- **What is expected**: Look in the material below for the line holding "Gray Boy - Scoop". Set it down exactly, with each later line up to and including the line holding "Cuscuta psorothamnensis".

- **Provided records**:
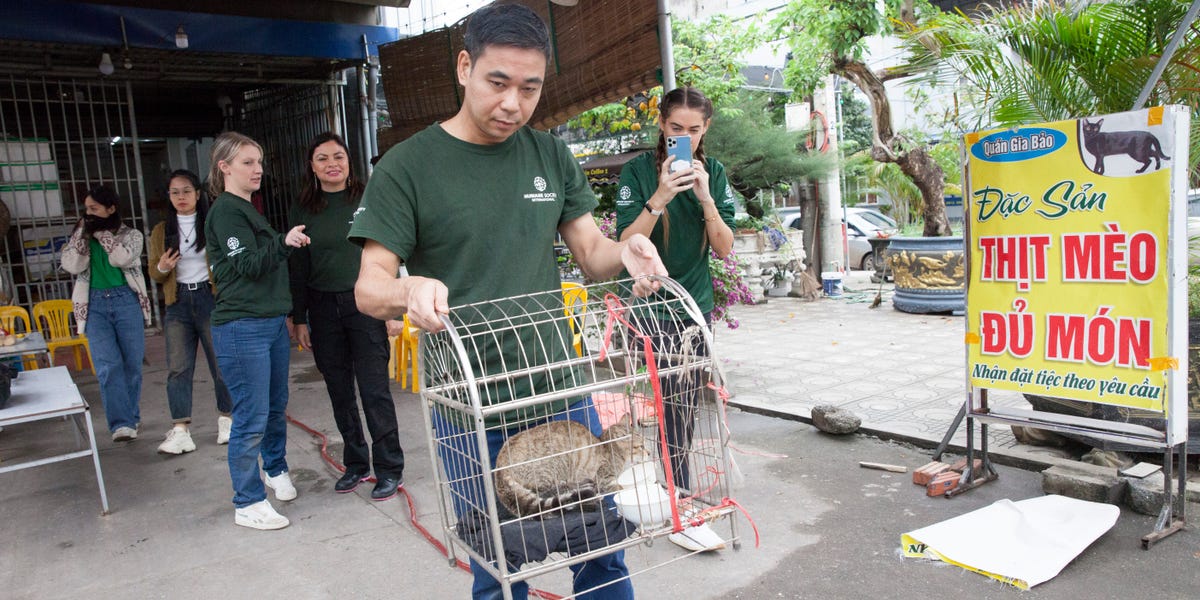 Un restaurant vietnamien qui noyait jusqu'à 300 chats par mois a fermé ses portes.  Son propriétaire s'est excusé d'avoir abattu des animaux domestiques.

--

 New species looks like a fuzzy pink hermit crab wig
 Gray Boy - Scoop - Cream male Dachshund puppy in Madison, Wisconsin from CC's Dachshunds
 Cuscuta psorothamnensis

- **Answer to this problem**:
 Gray Boy - Scoop - Cream male Dachshund puppy in Madison, Wisconsin from CC's Dachshunds
 Cuscuta psorothamnensis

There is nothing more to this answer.